Before the secretary could offer a choices of times, Sean quietly asked, “Could I please have the first appointment in the morning?”
His wife was dumbfounded at the change in his demeanor and attitude. What had happened to her abrupt, workaholic husband?
During his consultation, Sean had heard the following words: acute leukemia, hospitalization, intensive chemotherapy, transfusions, infections, prognosis, bone marrow transplant, survival, disability. In one hour, his life had turned upside down. In the safe redoubts of his work and family, Sean had felt secure. Now all seemed lost. Sean had not only entered the world of sickness but also the world of suffering.
During his appointment the next morning, Sean told me his frustrations of how he had lived. “Am I a jerk?” he moaned. He recounted all he had taken advantage of so he could pursue his own personal goals, often to the detriment of his family. I shared with him a parable that Jesus taught: “The ground of a rich man produced a good crop. He thought to himself, ‘What shall I do? I have no place to store my crops.’ Then he said, ‘This is what I will do. I will tear down my barns and build bigger ones, and there I will store all my grain and my goods … But God said to him. ‘You fool! This very night your life will be demanded of you’ ” (Luke 12: 16-20).
Sean said, “This parable’s about me. All I had carefully planned out for my life will never happen.”
He was deeply troubled.
This mental anguish accompanying an illness can have profound effects. Suffering makes one question who he is and what he is doing.
Sean had defined himself by his accomplishments in his business. Now all of a sudden he did not know how his success at work would help him cope with his illness.
Suffering makes us realize we have limitations on what we can do and what we want to do. Sean went from 5 a.m. power workouts at the club and an exhilarating 12-hour-plus schedule at work to needing help walking across a room to talk with the office secretary.
Though we may not control the situation that causes suffering, we can control how we respond to it. Suffering provides opportunities for personal change and development. Reconsidering goals, motives, and relationships can turn something bad into something holy. Studies have shown that such positive changes brought about by suffering to refocus one’s life may last even if the illness is cured.

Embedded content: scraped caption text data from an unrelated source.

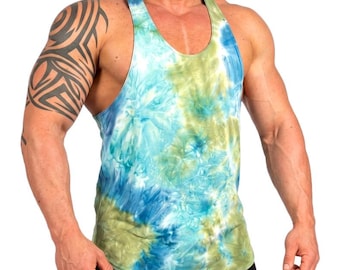 Mens Tie Dye Tank Retro Stringer Bodybuilding Muscle Gym Training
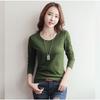 Round Neck Solid Color Long Sleeved Women's T-shirt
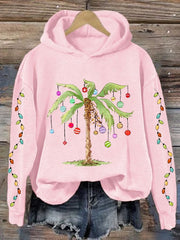 Christmas Palm Tree Print Hooded Sweatshirt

What did Sean want to do with the life he had left? He considered his wife and two daughters. If he had limited time, not some vague “long life” we all expect, how did he want his family to remember him?
As he left the office for the hospital, Sean had to ask his wife to help him walk to his car in the parking lot and drive him to the hospital. While propped up in the passenger seat, he started by saying things to his wife that should have been said long ago. It was time to reboot his relationships with his wife and his girls.
Dr. Delvyn C. Case Jr. is a hematologist/oncologist, writer and director, and consultant to the Department of Spiritual Care at Maine Medical Center in Portland.